Quando me perguntam pela vida, tenho maiores dificuldade em a mostrar que o Tàpies tem em relação à sua Obra; não tenho o génio nem a mestria ou erudição e vida vivida que o Mestre tem, por isso vou cita-lo, "...Para o pintor existe apenas um monte de palha, e um dois. E ainda um dois que é um. E todos têm o direito a dizer-lhe, se quiserem, que é um farsante, que tudo isso é falso, que é um engano. Porque ele julga o mesmo. Um quadro não é nada. É uma porta que conduz a outra porta. A arte, por mais excelente que seja, será sempre mais uma manifestação da "maya", do engano que tudo é. E nunca encontraremos a verdade que procuramos num quadro, pois esta aparecerá depois da última porta que o contemplador souber franquear com o seu próprio esforço. E quanto mais importante for o quadro, e mais importantes as personagens nele pintadas, e mais cores e mais camadas de tinta nele houver, mais espesso será o véu que nos ofusca a verdade e menos encontraremos o caminho."

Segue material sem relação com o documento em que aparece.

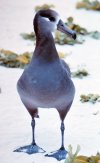 Black_footed_albatross.jpg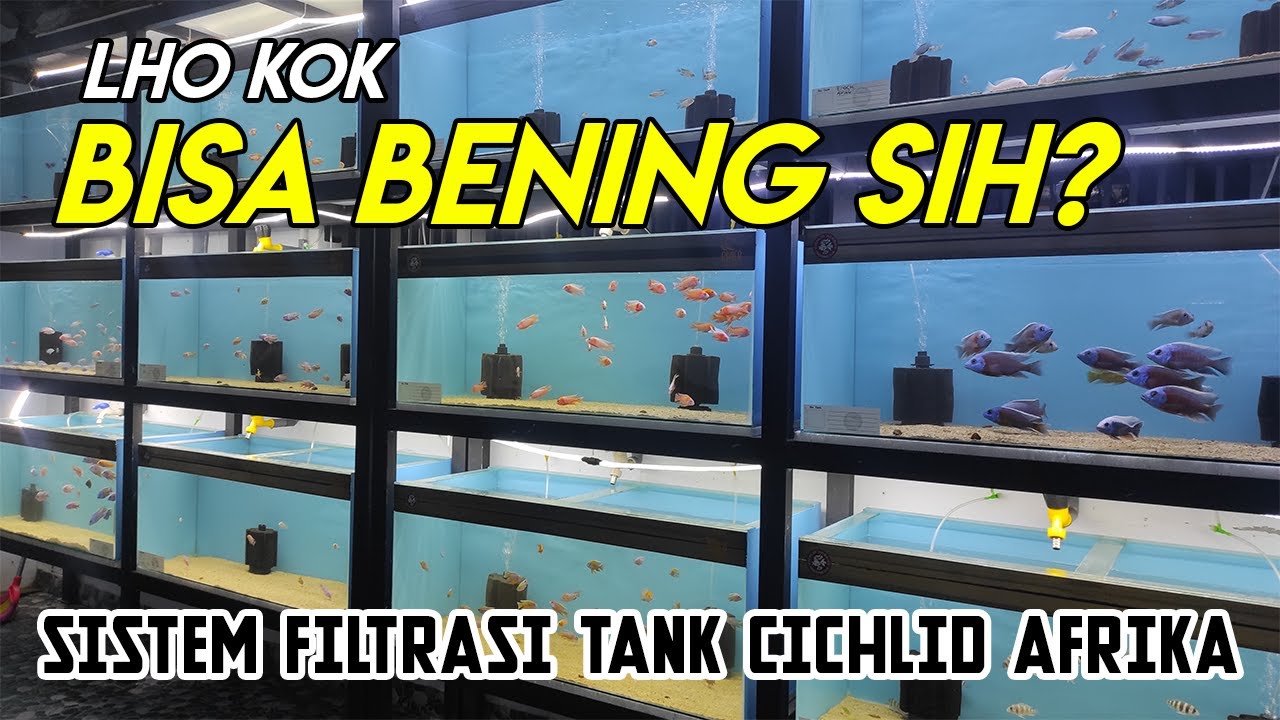 SISTEM FILTRASI CICHLID AFRIKA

Embora tenha iniciado o texto de forma optimista, de vez em quando também me apetece fazer como o Mestre, embora a componente do sonho esteja suspensa, "...E então, penso que mais vale virar costas a tudo e sentarmo-nos numa cadeira, como um dia me disse a minha companheira que fiz num sonho; uma cadeira a flutuar no meio da brancura do espaço infinito; e, de repente, olhar para a terra e sentir aquela emoção tão intensa e sublime que a fez chorar vivamente ao ver espalhadas umas migalhas de coisas, nada, uns resíduos ligeiros, uns fios de palha..."
O frémito impulsionador que me impele para a incontornável afirmação de algumas coisas na vida, que não sei separar da arte, não é ofuscado por caldeirões de ouro que me vão seduzindo para descansar. Gosto da palha para repousar o espírito, mesmo que me incomode o corpo.
O galgar das margens afinal aconteceu, pela preocupação afectuosa de perceberem se o pão que tenho que conquistar, ainda estava em farinha ou no forno a cozinhar.
As citações foram retiradas do livro
" Antoni Tàpies - a prática da arte "
Edições Cotovia
Hummmm... este deu-me que pensar... muito bom, muito "fluído".